Methods: First, a scale-adaptive highway vehicle detection method is introduced. The proposed C3k2_DSConv module enhances the model’s adaptability to vehicles of various scales and morphologies by integrating depthwise separable convolutions and feature reuse strategies. A convolution kernel adjustment mechanism within the Dynamic Head is further designed to improve the model’s detection robustness under diverse viewing angles and occlusion conditions. Second, based on the detected vehicle bounding boxes, multidimensional vehicle attributes are derived through specialized perception algorithms: (1) vehicle speed is estimated using a dual-virtual-line timing model, which computes velocity through frame-based centroid tracking. (2) vehicle color is identified by combining RGB-to-HSV color space transformation with feature enhancement through region-based color histogram mapping. (3) traffic flow is calculated via a virtual line constraint counting method that minimizes duplicate detection. (4) lane position is calibrated using a virtual bounding-box constraint model that aligns vehicle trajectories with detected lane boundaries. To validate the proposed framework, a new highway vehicle dataset is constructed from real-world monitoring footage, incorporating variations in vehicle types, illumination, and scale to ensure robustness and generalization.

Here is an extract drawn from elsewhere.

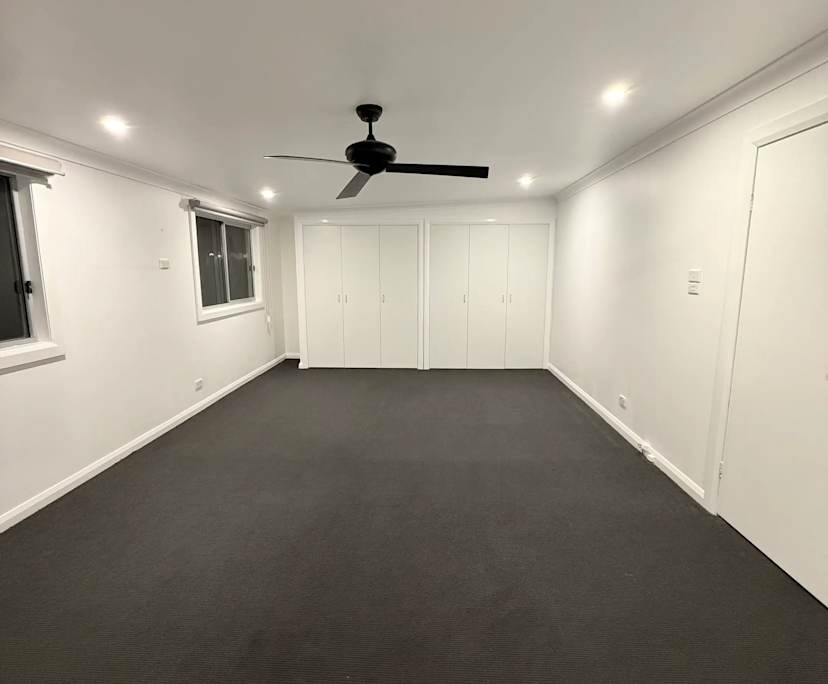 Unfurnished room with own bathroom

Results: Comprehensive experiments were conducted using state-of-the-art detectors including YOLOv5~YOLOv13, RT-DETR, SSD, Faster R-CNN, and RetinaNet for performance comparison. The proposed method achieved superior results, with precision (P), recall (R), and mAP@0.5 of 0.903, 0.899, and 0.954, respectively, outperforming all baseline models. Furthermore, multidimensional perception experiments showed that the mean Average Precision (mAP@0.5) for vehicle detection reached 95.4%, traffic flow accuracy was 99%, lane calibration accuracy reached 92%, vehicle color recognition accuracy was 81%, and the average absolute error for vehicle speed detection was 9.36%. These quantitative results confirm the effectiveness and robustness of the proposed framework in complex highway environments.
Conclusions: The framework demonstrates that video-based methods can achieve high-precision perception of multiple vehicle attributes when enhanced with adaptive feature extraction and multidimensional information modeling. It enables comprehensive perception of speed, color, traffic flow, and lane position, thereby providing a reliable basis for intelligent highway management, traffic law enforcement, and accident early warning systems.